Surgical Technique (Step by Step) of Laparoscopic Pelvic Lymphadenectomy
Preoperative Preparations:
- Recommend a clear liquid diet on the preoperative day to improve the intraabdominal space.
- Administer an enema the night before surgery.
- Perioperative placement of a urinary catheter and gastric tube.
- Perioperative antibiotic prophylaxis is needed if risk factors for surgical site infections are present.
Surgical Approach Via Laparoscopy
Patient Positioning:
Supine position with slight lumbar hyperextension. Secure fixation by belt over the chest, pelvis and calves with the arms resting next to the body, a steep Trendelenburg positioning should be possible. Disinfection and sterile draping of the abdomen.
Trocar positions:
Create a Pneumoperitoneum with a mini-laparotomy or with the Veress needle next to the umbilicus (camera trocar 10 mm). Move the patient in Trendelenburg positioning after creation of a pneumoperitoneum. Place a 10 mm port suprasymphysary and two 5 mm ports lateral to the camera port, the trocars form a rhombus [see figure below]. Avoid injury to the epigastric vessels with transillumination.

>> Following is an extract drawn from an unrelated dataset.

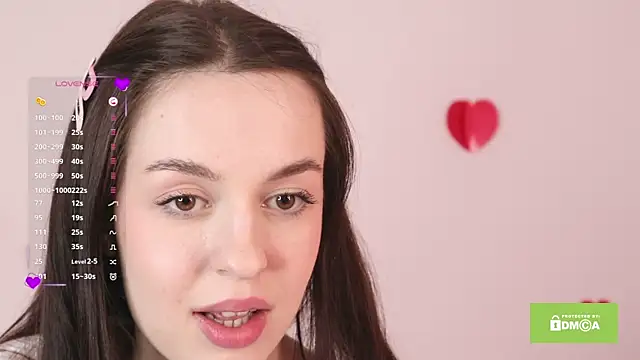 Snapshot of virginatlantica chatting on 02.17.25 virginatlantica online show from 02.17.25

Lymphadenectomy of the right side:
Mobilize the caecum and appendix. Incise the parietal peritoneum along the external iliac artery from the iliac bifurcation to the internal inguinal ring. Incise the perivesicular tissue (periadventitia) over the external iliac artery, the lymphatic tissue over the artery and vein can be pushed medially with the dissection swab. Spare the lymphatic vessels from the lower extremity over or lateral to the external iliac artery. Expose the medial edge of the external iliac vein from the bifurcation to the pubic bone. Clip the lymphatic vessel of the mobilized package at the cranial and caudal border and harvest the package of the external iliac lymph nodes using a specimen bag.

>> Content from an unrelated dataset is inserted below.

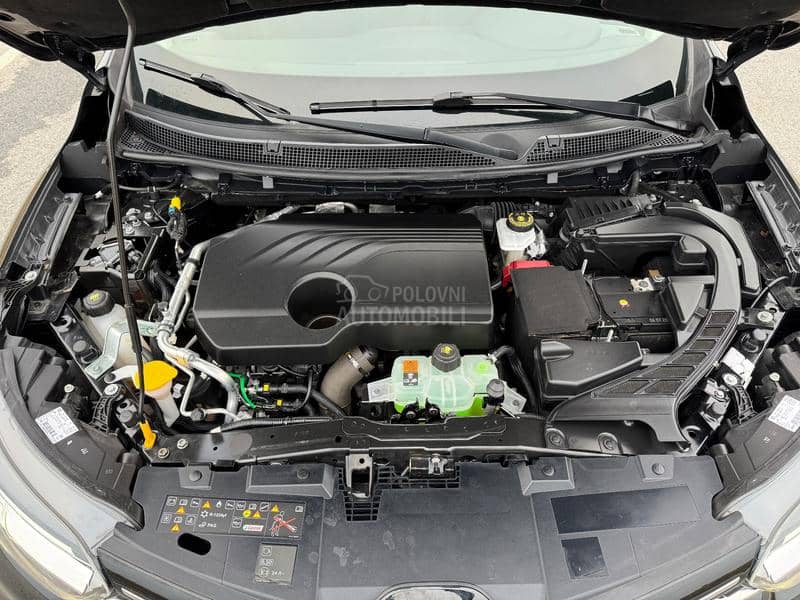 Renault Kadjar 1.5 DCI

The next step includes the mobilization of the lymphatic tissue in the obturator fossa under the external ilical vein. Identify the obturator vessels and nerve below the lymphatic tissue for the dorsal border of the template. Caudally, the superior ramus of the os pubis is exposed, and the lymphatic vessels are clipped and transected. The lymphatic tissue of the fossa is traced cranially under the external iliac vein as far as possible, lymphatic vessels clipped and transected. Collect the obturatoric lymph nodes with a grasper and place them in the specimen bag [fig. lap. pelvic lymphadenectomy]. The lymph nodes along the internal iliac artery are dissected and harvested individually, and the medial border of the template is defined by the obliterated umbilical artery.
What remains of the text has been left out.